Consider these expenses when deciding whether to cancel your event
Have you gotten “the question”? Sometimes it is a surprise that hits you out of nowhere and derails you for a moment. Usually, you can feel it coming and have braced yourself for the blow. You know the query we are talking about. After the latest news story about a spiking variant or travel restriction, you get a note from the CFO or even the CEO asking, faux-casually, “How much would it cost us if we canceled the meeting we have been planning for two years?”
I know, just reading those words can send shivers down your spine. Of course, the easy answer is to look up the cancellation clause in the contract, calculate the number of days out on the sliding scale to see how much you are liable for to the venue and type it in the return email. But that is just the tip of a very expensive iceberg.
Consider the following.
How much have you spent on marketing the event, planning the event and buying branded hoodies and eco-friendly thermoses that will sit in the warehouse? How much will you have to spend on therapy for team members who will see a year’s worth of work undone in a day? More seriously, what will this mean for the relationships you have built?
How much will it cost to communicate the decision to cancel with registered and potential attendees?
What will you do instead to keep the marketing funnel full, fulfill your duty as an association to come together for official business, stay relevant with your audience?
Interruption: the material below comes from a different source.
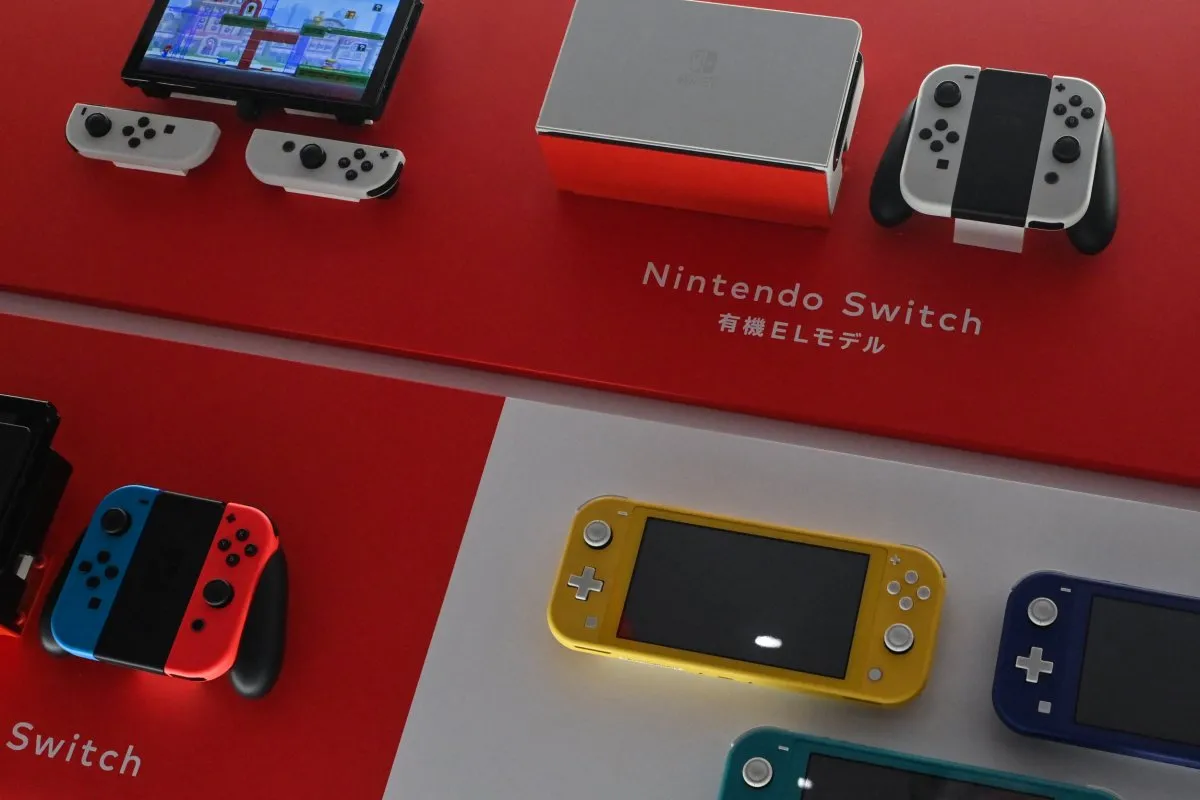 Nintendo Switch 2 Release Faces Delay After Trump’s Surprise Tariff Move Shakes Up Tech Industry---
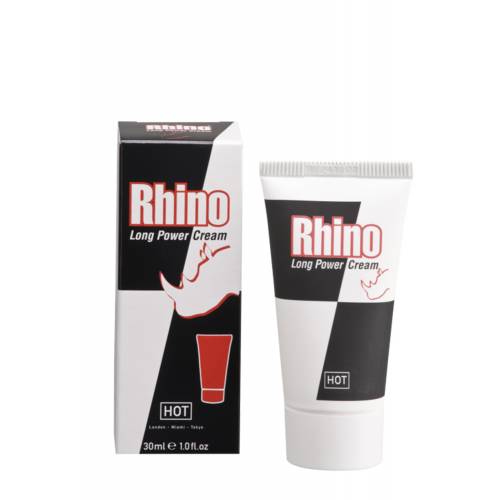 Крем для мужчин Rhino HOT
What will the decision to cancel mean for the community where you were planning to hold the event, the taxi drivers, servers and CSR charities who were expecting you? Destinations International offers an Event Impact Calculator (EIC) that your CVB can help you use to quantify that deficit.
Sometimes, canceling is the right decision, but you are going to want to consider all of the ripples from that go/no-go moment when you debate other possibilities, including negotiating room and F&B attrition to facilitate a smaller, possibly hybrid meeting; or rebooking for a later date if available and mutually agreed with the venue as a possibility.